Si Passion simple était un véritable concentré, elliptique et poétique, d’une histoire d’amour que chaque lecteur pouvait s’approprier, Se perdre est une histoire singulière, histoire vécue et soufferte. D’un côté le travail de l’écrivain, de l’autre celui de la femme. Encore que cette dichotomie commode ne s’applique pas au travail d’Annie Ernaux. Les deux ouvrages se répondent, créant une passionnante et vertigineuse mise en lumière du travail de l’auteur. D’une très grande pureté formelle, les deux ouvrages s’enchâssent pour livrer deux aspects d’une même histoire.
A posteriori, on finit même par douter qu’il n’y ait une quelconque spontanéité dans ces deux ouvrages, tant l’emboîtement semble parfait, quoique jamais pesant. Annie Ernaux joue sur un décalage des temps de la narration. Ainsi Passion simple (Passé simple ?) nous disait une histoire à l’imparfait. Se perdre joue, quant à lui, de l’infinitif et du temps présent, un présent à valeur d’intemporel. Des décalages temporels entre les romans, et au sein même des ouvrages, comme pour dire ce temps autre de la passion : « J’ai mesuré le temps autrement, de tout mon corps ».
Mais il y a également derrière cette recherche stylistique une volonté affichée de s’extraire de ce que l’on attend d’elle en tant qu’écrivain. Parlant d’élèves de littérature qui disent à la narratrice que « l’on doit écrire au présent ou au passé simple », elle répond : « J’écris au passé composé parce qu’on parle au passé composé. » Annie Ernaux ne cherche qu’à rendre compte le plus fidèlement possible de la vérité des sentiments et des possibilités infinies de la littérature.

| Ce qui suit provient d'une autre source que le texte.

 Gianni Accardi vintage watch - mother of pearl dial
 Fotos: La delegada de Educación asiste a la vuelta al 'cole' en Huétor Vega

Plus que l’histoire, banale et sublime à la fois, de la passion d’une femme et d’un homme marié, Annie Ernaux réalise avec ces deux opus le rêve caché de tous les lecteurs : leur faire pénétrer les secrets de l’écriture. --Chloé S.-- -- Urbuz.com
Quatrième de couverture :
«[...] Je n'ai jamais rien su de ses activités qui, officiellement, étaient d'ordre culturel. Je m'étonne aujourd'hui de ne pas lui avoir posé plus de questions. Je ne saurai jamais non plus ce que j'ai été pour lui. Son désir de moi est la seule chose dont je sois assurée. C'était, dans tous les sens du terme, l'amant de l'ombre.[...] J'ai conscience de publier ce journal en raison d'une sorte de prescription intérieure, sans souci de ce que lui, S., éprouvera. À bon droit, il pourra estimer qu'il s'agit d'un abus de pouvoir littéraire, voire d'une trahison. Je conçois qu'il se défende par le rire ou le mépris, "je ne la voyais que pour tirer mon coup". Je préférerais qu'il accepte, même s'il ne le comprend pas, d'avoir été durant des mois, à son insu, ce principe, merveilleux et terrifiant, de désir, de mort et d'écriture.»Annie Ernaux.